A la sortie du terminal de l’aéroport, la première image est celle d’un macabre et surréaliste cimetière d’avions : monticule d’ailes, d’ailerons, de trains d’atterrissage et de carlingues, cassés, tordus, à moitié brûlés, tiges d’acier et d’aluminium pointant vers le ciel comme un immense bouquet de fleurs sauvages. Ce n’est pas une œuvre d’art conceptuel. Il fallait bien débarrasser les pistes et le tarmac des vestiges de la guerre pour les rendre à nouveau utilisables.

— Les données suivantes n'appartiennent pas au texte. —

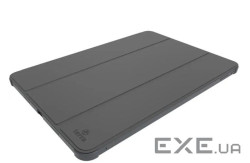 Smart Folio Schutzhülle mit Stift-Halter für Terra PAD 1007 (SMART FOLIO SCHUTZHÜLLE F.PAD 1007)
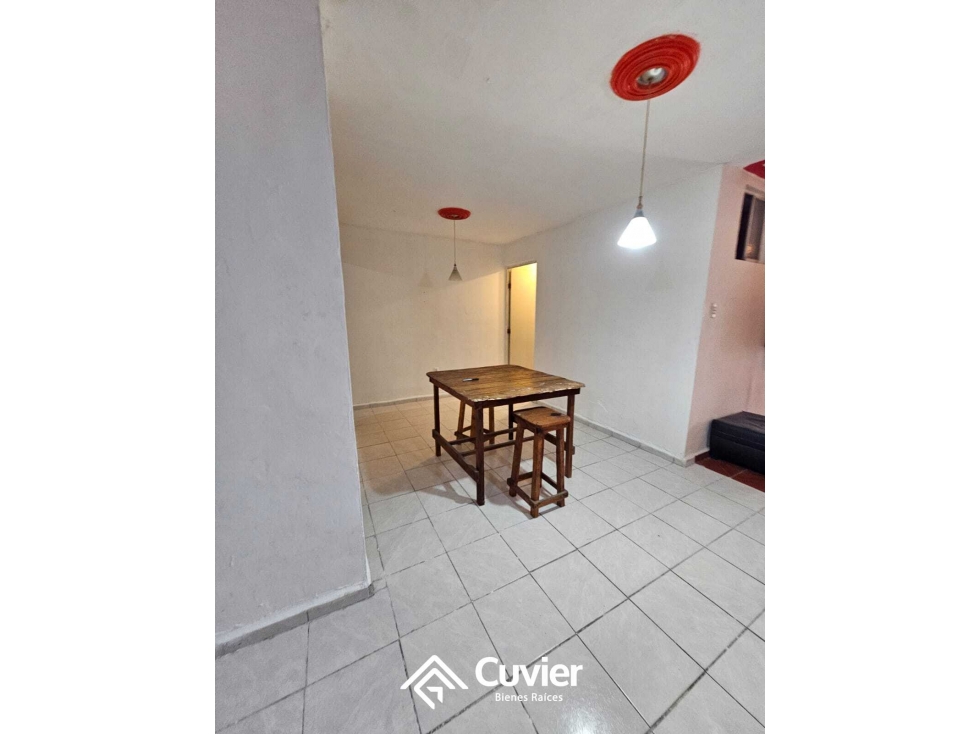 CR2833-CA CASA EN RENTA, FRACC. ARBOLEDAS — foto 5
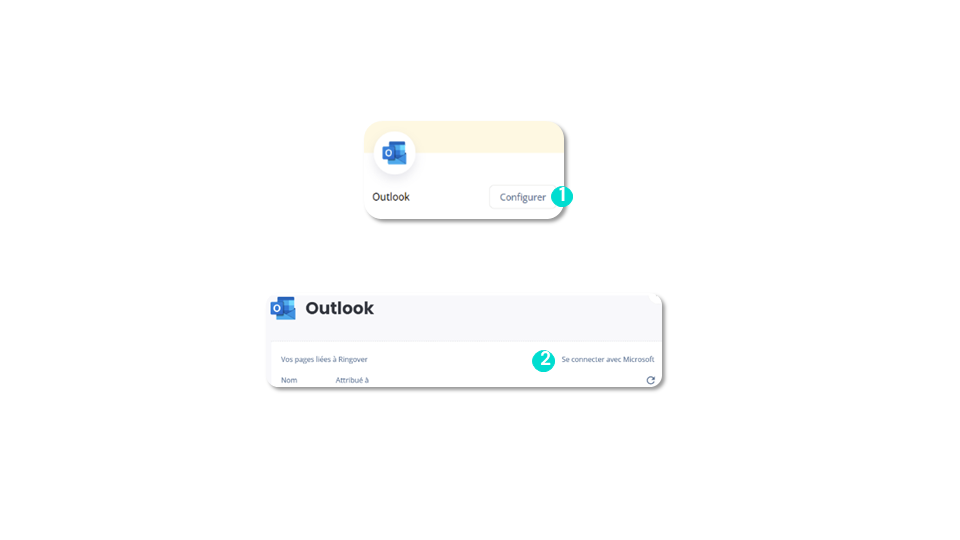 Outlook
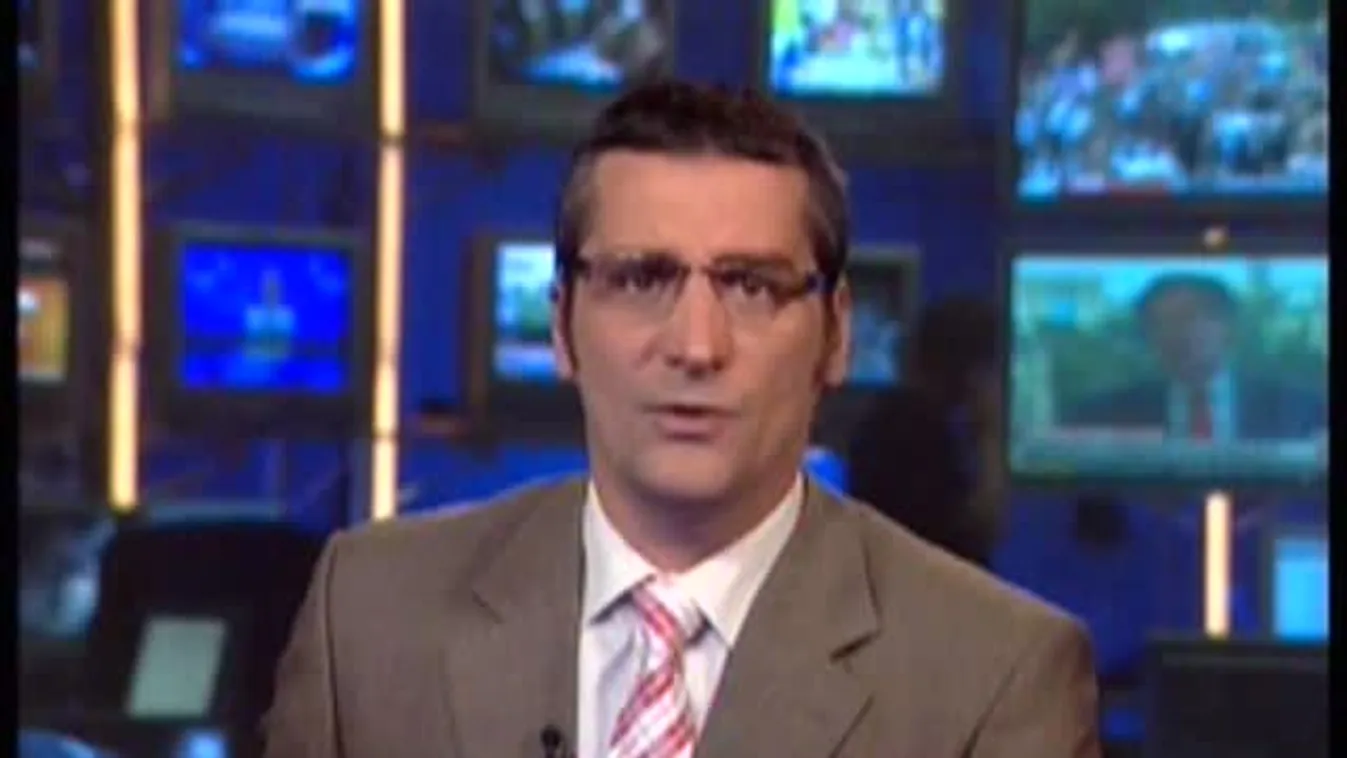 Mindenki tudta, hogy mit lehet kérni az uzsorástól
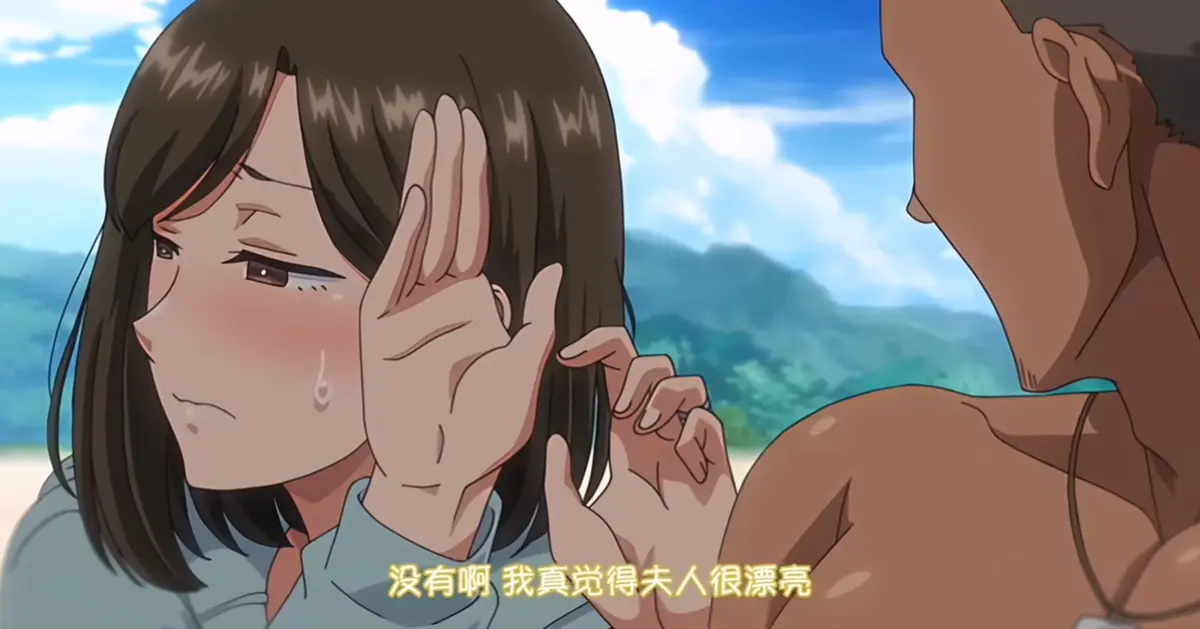 资源图片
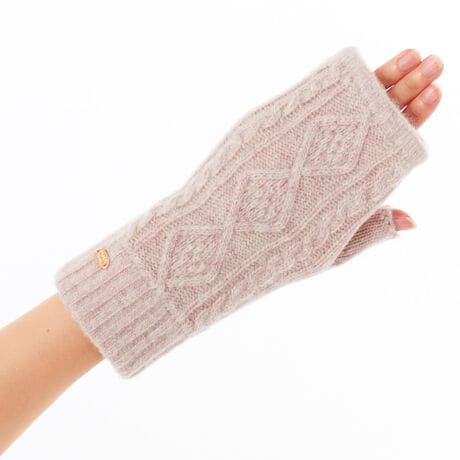 [^:ANNB2503]x[VbNfUC̃P[u҂݂̎wjbg܂łBwȂ̂Ń^b`plׂƂƂĂX[Yɍs܂B܂̓RRƂĂgłBRۉH{Ă̂ŏH~̊΍ƂĂ߂łB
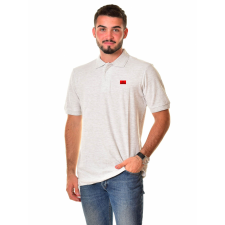 MARCUS férfi póló TREND G m22-2TREND G-1/T034 férfi póló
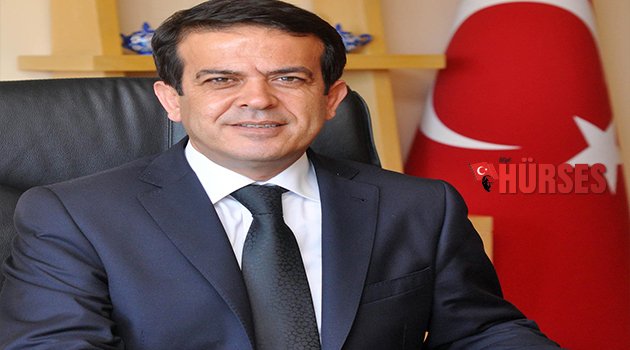 ÇANDIR: NORMALLEŞME BİZİ UMUTLANDIRDI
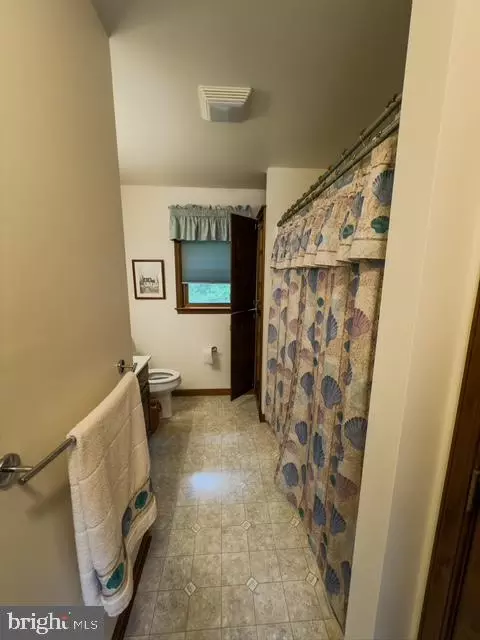 541 Ingleside Rd, Barclay, MD 21607 photo 45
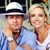 Amber Lindsay Lempke's profile image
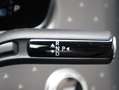 Mercedes-Benz EQE SUV 350 4Matic AMG Line 91 kWh Panoramadak | Navigatie Zwart - thumbnail 22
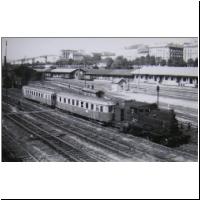 1947~xx~xx Westbahnhof 71-501.jpg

Certains quartiers ne sont que ruine et désolation, coquilles de maisons éventrées, poutres carbonisées restées en suspens entre deux pans de mur noircis et troués. Mais ces restes abritent toujours, sous des bâches ou des cartons, des familles entières d’anciens et nouveaux résidents. Kaboul, même lorsqu’elle était bombardée à outrance, restait un lieu de relative sécurité, de refuge.
Soudain, à l’angle d’un parc, au pied d’un mur criblé, la carcasse d’un véhicule militaire soviétique, calcinée, rouillée et à moitié ensevelie. Elle vient rappeler que les guerres ici se succèdent et s’enchaînent, qu’elles se nourrissent l’une l’autre et que les intervalles de paix sont trop courts pour déblayer le terrain. Combien de jeunes soldats soviétiques ont péri dans ce sinistre bahut de fer ? « Tout ce matériel brûlé, brisé sur les routes... ces tanks, ces BTR. Est-ce vraiment tout ce qui est reste de nous là-bas ? [6] »
Vient à l’esprit la métaphore sur la ferraille militaire dans Shalimar le clown [7] de Salman Rushdie. Cela se passe dans son Cachemire bien aimé. Un jour, les amas de vieille ferraille militaire abandonnée sur les routes par l’armée indienne disparaissent. Ce même jour, comme par miracle, des mollahs d’un type nouveau, radicaux et intransigeants, commencent à déambuler par les villages et à forger les âmes des habitants. Leur tête, si l’on tape dessus, résonne d’un son creux et métallique. Il n’y a rien dedans, mais c’est du solide. Les iron mullahs sont le produit dérivé de toutes les guerres et de la ferraille qu’elles déposent sur les champs et dans les têtes.